Князь Ядыгар (СИ) - Агишев Руслан. Страница 23
На третьем по счету струге, с которого к небу медленно взбиралась тонкая жидкая струйка дыма, несколько человек из высокого шатра тащили на носилках лежавшего человека. Они осторожно переложили тело на высокую лежанку, покрытую медвежьими шкурами, и тут же отошли в сторону, уступая место высокому худому человеку с большой кожаной сумкой на поясе. Ханс Мольтке, выходец из одного из небольших городков Баварии, важно снял сумку с пояса и, развернув ее, начал перебирать небольшие остро заточенные инструменты. Этот недоучившийся студиоз, выпертый из Берлинского университета за дебоширство и постоянные пьянки, волей случая в далекой Московии стал очень важным человеком, одним из царских медиков.

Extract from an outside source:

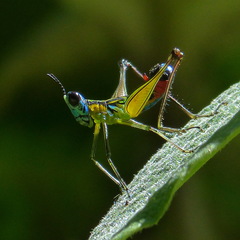 Eumastacidae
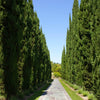 Italian Cypress California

… Сначала была тишина. Такая вязкая, глубокая, в которой тонули все звуки, ощущения и чувства. В какой-то момент звуки начали возвращаться. С легким, едва слышимым жужжанием, они появлялись откуда-то издалека. Потом осторожно, медленно усиливались и усиливались, в конце концов превращаясь в чьи-то голоса.
– Я есть медикус... Доктор … профессор медицины, – словно под самым ухом жужжал чей-то противный недовольный голос. – Я говорить... кровопускание есть am beste … самое наилучшее средство от удара по голове. Кровь копиться здесь и давит на глаза и голову... Лучшие медикусы Лондона пускают кровь... Сам его величество... король Испании изволил попробовать...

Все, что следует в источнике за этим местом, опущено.